Ever so slowly, my heart opened again and I found myself dancing and singing to silly love songs, anticipating the next chance I'd have that day to talk to Stephen again.

Stephen took me hiking to watch the sunset on our first date and I was so impressed with his desire to genuinely get to know me, all the while giving me my space. I really enjoyed his company and decided that if he were to ask me on a second date, I'd definitely say yes. Well, that second date came and then led to a third, then a fourth, and a fifth... We were "officially dating" a month later :) So much for the convent.

Stephen and I dated for three months, which to some might seem like not long enough, but the amount of learning and growing that took place in those short three months made it feel profoundly longer. In those three months, I had come to understand and appreciate what real love is. I had learned that love isn't so much a matter of fireworks and butterflies (though those feelings have their place, too), and that it isn't all about floating up on cloud nine, oblivious to reality. I learned that real, lasting love makes you thrive in ways you could never have imagined. It causes you to see an imperfect person perfectly. It aspires you and brings the desire to rise above and be better than you are. I learned that the kind of love I wanted was more than what the fairy tales portrayed. I knew that I wanted someone who could challenge me, someone who could see all of my ugly sides and still believe that there is a more profound beauty somewhere inside that was worth fighting for. I wanted someone who could laugh and play with me and who believed that the "honeymoon" stage could last forever and was willing to work hard for it every day along with me. I wanted someone with whom I could face "make it or break it" challenges and know that we could rise out of it with a stronger love and devotion to each other. I knew that I needed someone who could love God more than he loved me, because it would be his love for God (and mine as well) that would hold us together during difficult times. I'm not a poet and likely never will be, but after you have experienced what real love tastes like, you just KNOW. I had tasted it, and I knew that I wanted to make Stephen mine forever. Lucky for me, Stephen felt the same way!

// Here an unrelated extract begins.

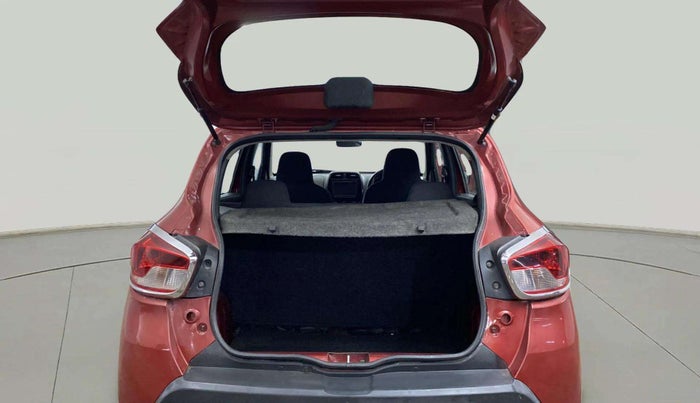 2016 Renault Kwid RXT 0.8, Petrol, Manual, 71,173 km, Boot Open Zoomed View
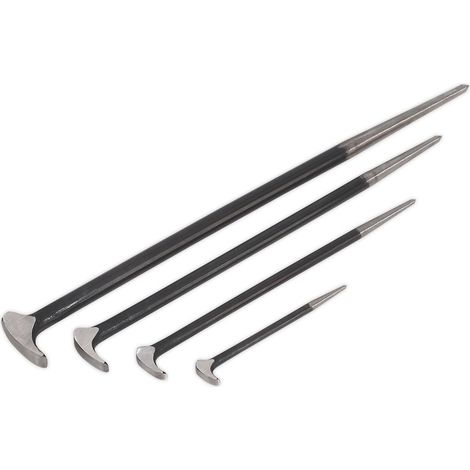 Sealey Premier Heel Bar Set 4pc AK880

So no, I didn't experience light-headed dizziness when I fell in love. I didn't even fall head-over-heals, sitting up dazed and confused. I didn't fall at all. Everything came slowly and sweetly together, and it made complete sense.

On December 28, 2010, I was sealed for time and all eternity to my best friend.

Taking the time to remember and reflect on important events and moments in time and the feelings associated with them has given me strength and hope for the future.